Supplied material:
-- -- --
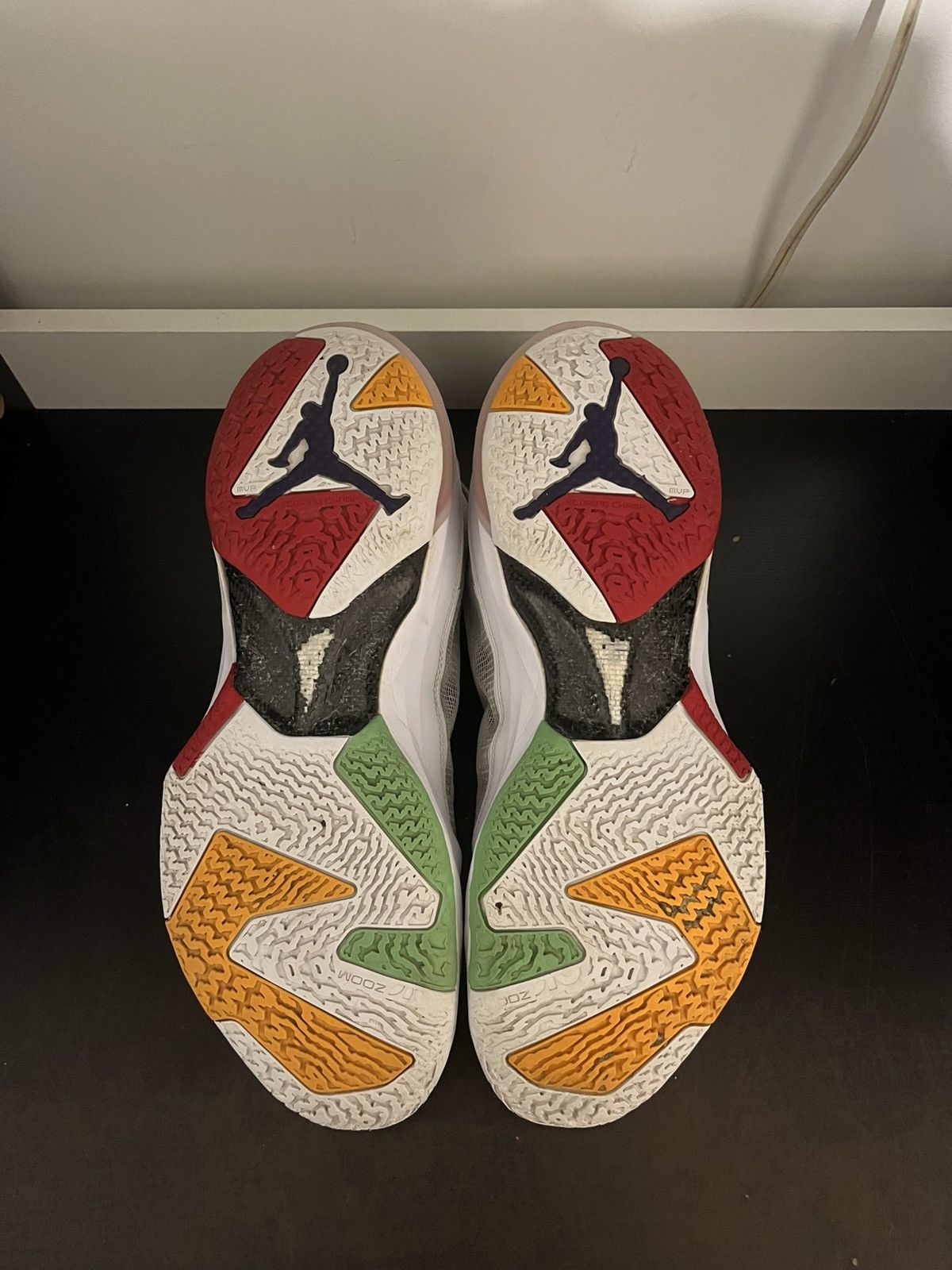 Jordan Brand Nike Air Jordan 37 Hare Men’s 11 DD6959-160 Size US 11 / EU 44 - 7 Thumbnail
-- -- --
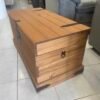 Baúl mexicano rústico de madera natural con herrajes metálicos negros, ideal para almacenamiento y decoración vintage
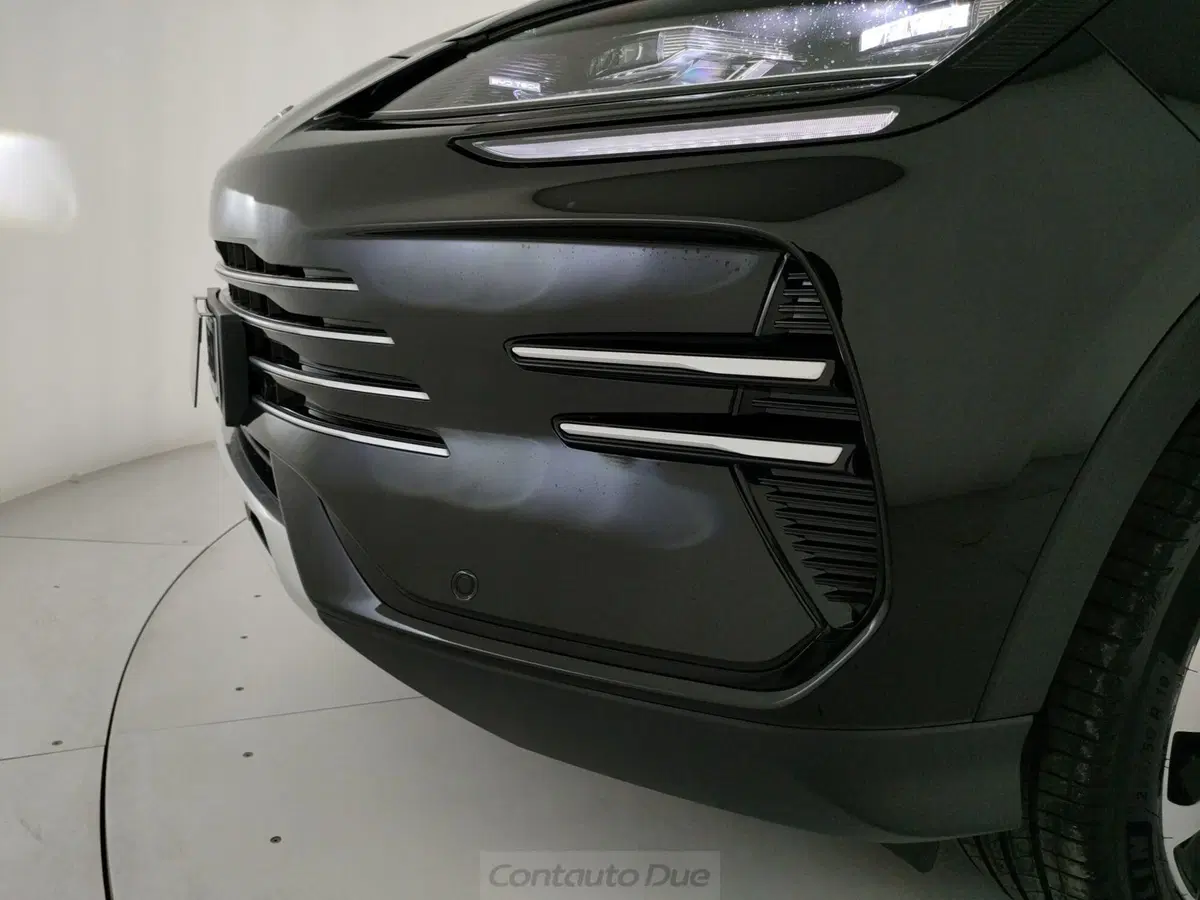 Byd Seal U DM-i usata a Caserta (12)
-- -- --
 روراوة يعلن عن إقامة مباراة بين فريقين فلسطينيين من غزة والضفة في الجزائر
-- -- --
Action item: Working from the data above, repeat exactly, and only, the lines that begin at the line containing "Baúl mexicano rústico" and stop after the line containing "Byd Seal U DM-i usata a Caserta (12)"; pictures are not copied.

Your response:
 Baúl mexicano rústico de madera natural con herrajes metálicos negros, ideal para almacenamiento y decoración vintage
 Byd Seal U DM-i usata a Caserta (12)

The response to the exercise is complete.